Once you have finally made the big decision of where to earn your Full-Time MBA, a new set of priorities seems to come out of nowhere. Let’s start with a just a few to make your transition from work-life to student-life a little easier. Here’s what to do before you start your MBA.
After you have taken the plunge and submitted your deposit, now is the perfect time to take a long weekend to visit your future campus–even if you have already been there during the application process. You will have an outcomes based perspective and will know what to look for this time around.
You can also use this time to scout out housing if you are relocating. In addition to the campus, environment, and b-school facilities, your focus should be on the professional opportunities that exist in the school’s surrounding towns or city. Consider nearby internship and employment opportunities, and the area’s business community and diversified economy. This will be your home for at least two years, so why not settle in?
Figure out your finances
If you have reached this point in the graduate student experience, then you have hopefully thought about financing your degree. But now you actually have to nail down the details. After accepting any merit-based scholarships from your program of choice, you should research other forms of financial aid offered at your institution. Reach out to the financial aid office for a refresh on the steps of applying for aid–remember the FAFSA from undergrad? Take some time to look at outside scholarships using online resources like MoneyGeek and FinAid. Finally, get your credit in order before applying for a loan to cover the remaining costs. You don’t want any surprises!

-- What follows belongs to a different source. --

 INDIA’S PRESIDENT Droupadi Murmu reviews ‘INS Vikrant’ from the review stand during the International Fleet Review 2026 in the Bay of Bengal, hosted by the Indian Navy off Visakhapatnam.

Gracefully resign from your current position
Ideally, your boss would have already been clued in to your future plans and acted as a recommender for all of your applications. But sometimes that just isn’t possible. So first, share the good news with your recommenders. They have helped you reached your goals and should be thanked! Then, determine how much notice your supervisor would expect and speak with him or her in person. As awkward as this conversation can be, keep it professional! You will want to maintain your connections for future networking.